Exercise goal:
Everything from the line that holds "عروس هلندی|پرنده|سبزوار, شهرک جهاد|دیوار" through the end of the listing below must be retyped word for word, without any pictures.

Data to use:
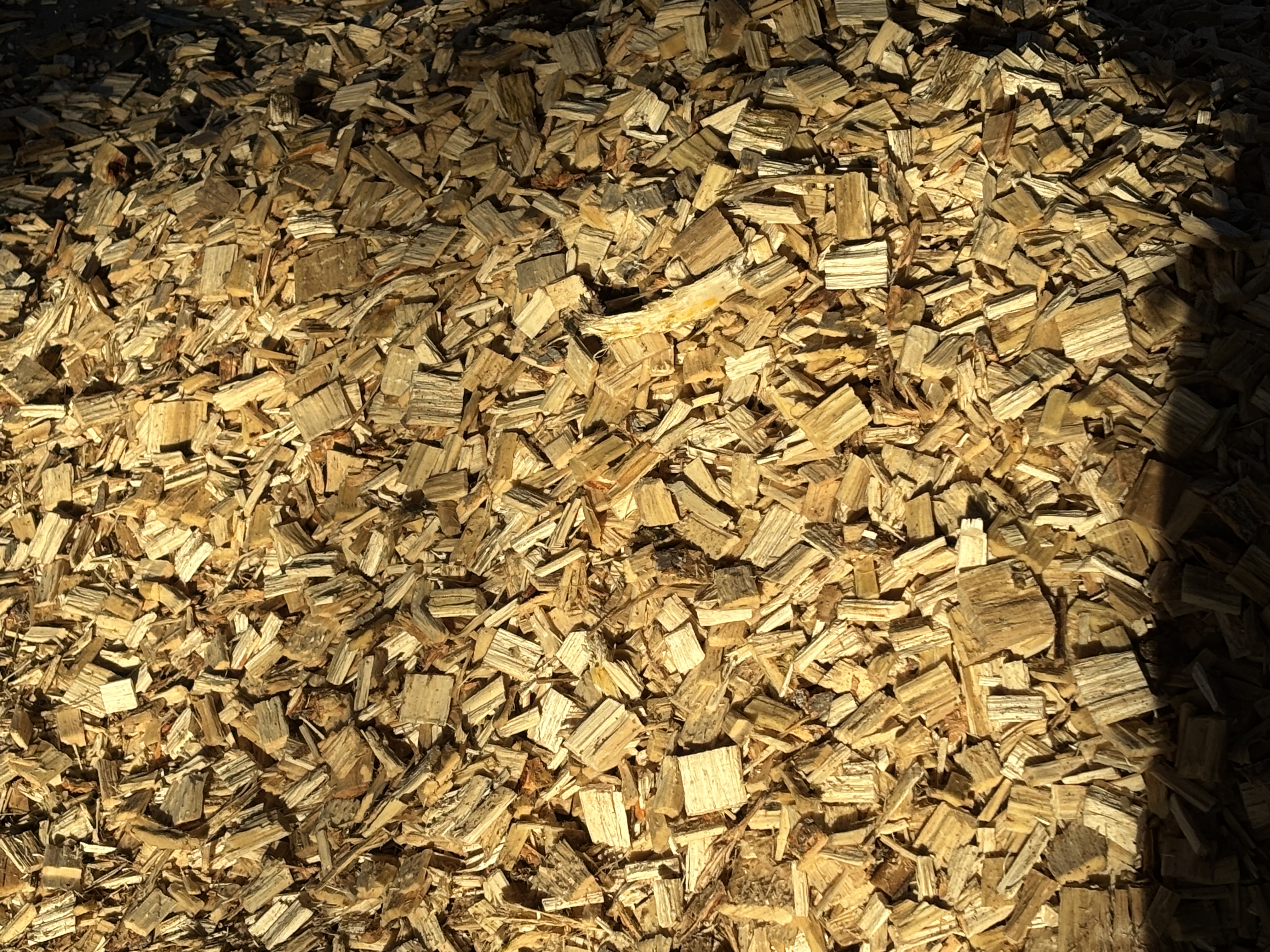 wood chips.png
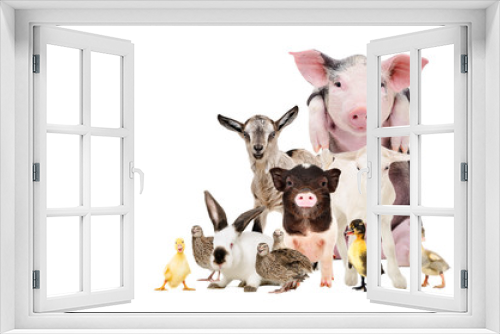 Fototapeta Naklejka Na Ścianę Okno 3D - Group of cute farm animals together, isolated on white background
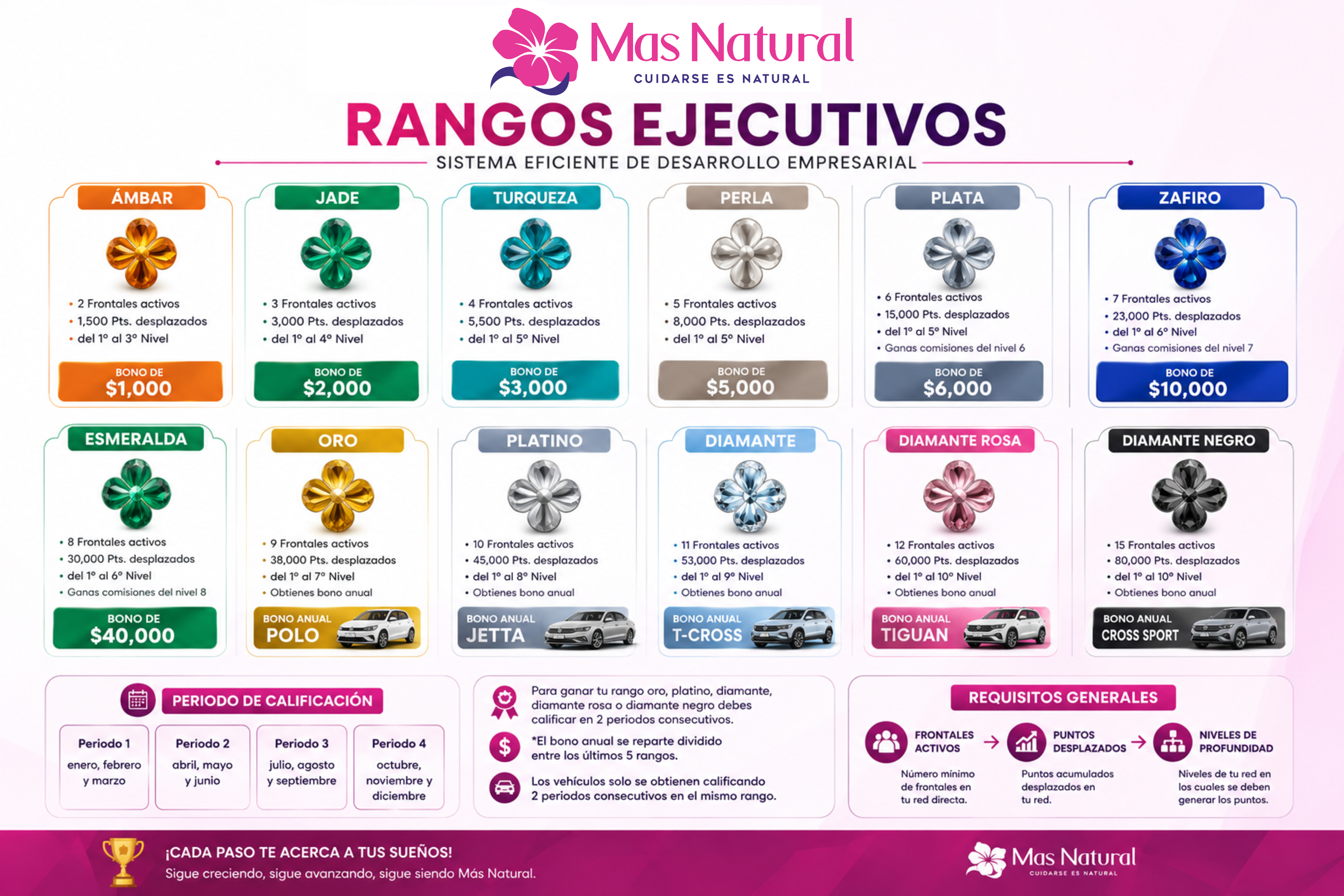 Rangos Ejecutivos Mas Natural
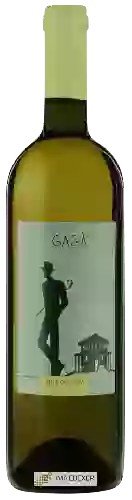 Winery Santa Colomba - Gagà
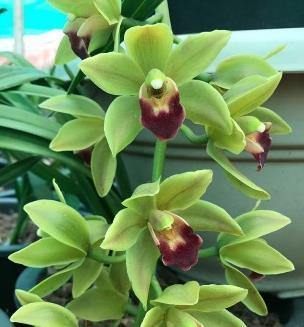 Warm Tolerant Cymbidium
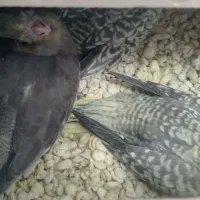 عروس هلندی|پرنده|سبزوار, شهرک جهاد|دیوار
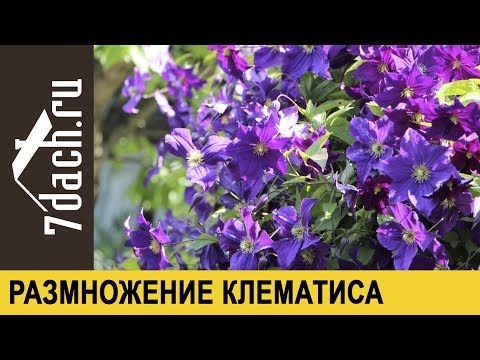 Видео: Размножение клематиса черенками - 7 дач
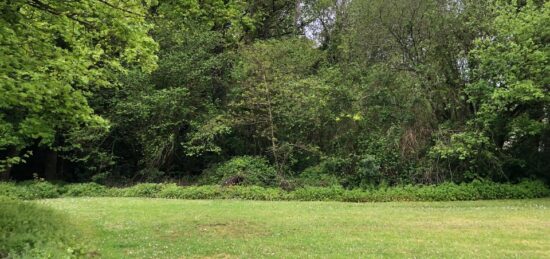 Terrain à bâtir à , Gironde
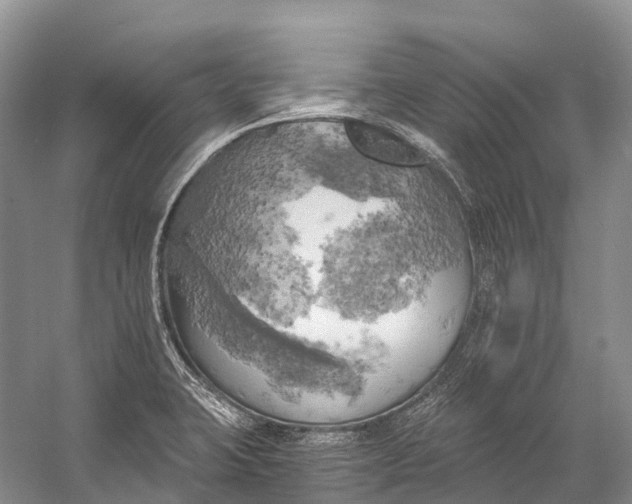 X0000058801423200510171335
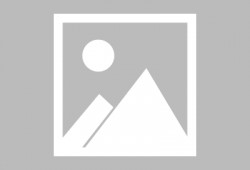 忍者副本爆料大全最新下载,最新下载内容深度解析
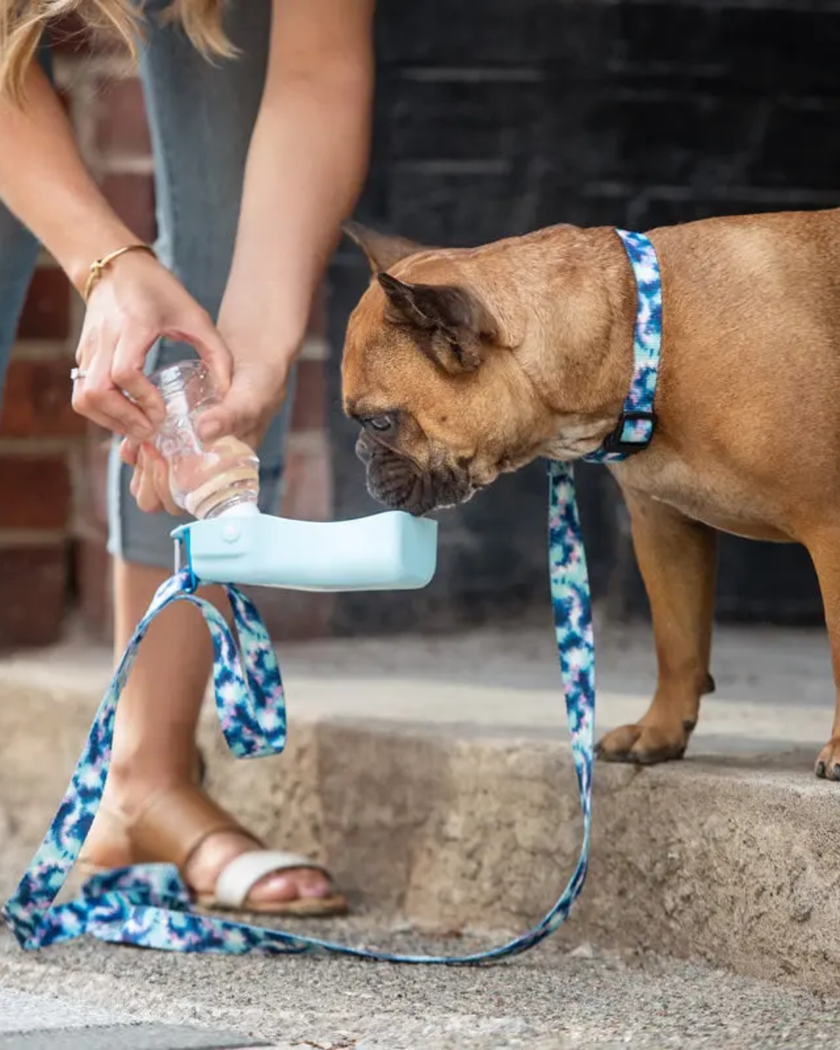 GF Pet Water Bottle - Blue (250ml)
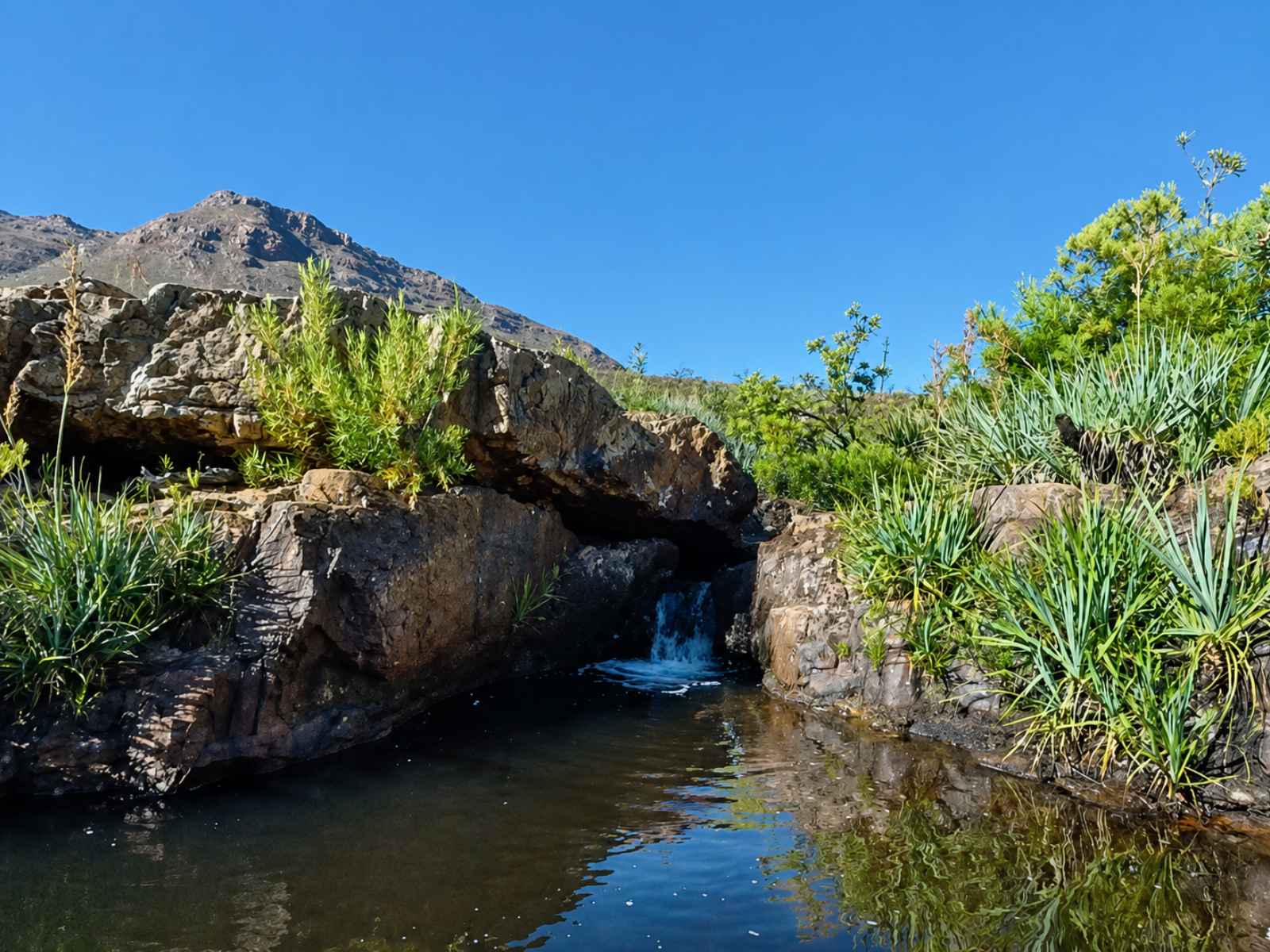 Suikerbossie Guest Farm - rock pools at the pump house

Answer to this task:
 عروس هلندی|پرنده|سبزوار, شهرک جهاد|دیوار
 Видео: Размножение клематиса черенками - 7 дач
 Terrain à bâtir à , Gironde
 X0000058801423200510171335
 忍者副本爆料大全最新下载,最新下载内容深度解析
 GF Pet Water Bottle - Blue (250ml)
 Suikerbossie Guest Farm - rock pools at the pump house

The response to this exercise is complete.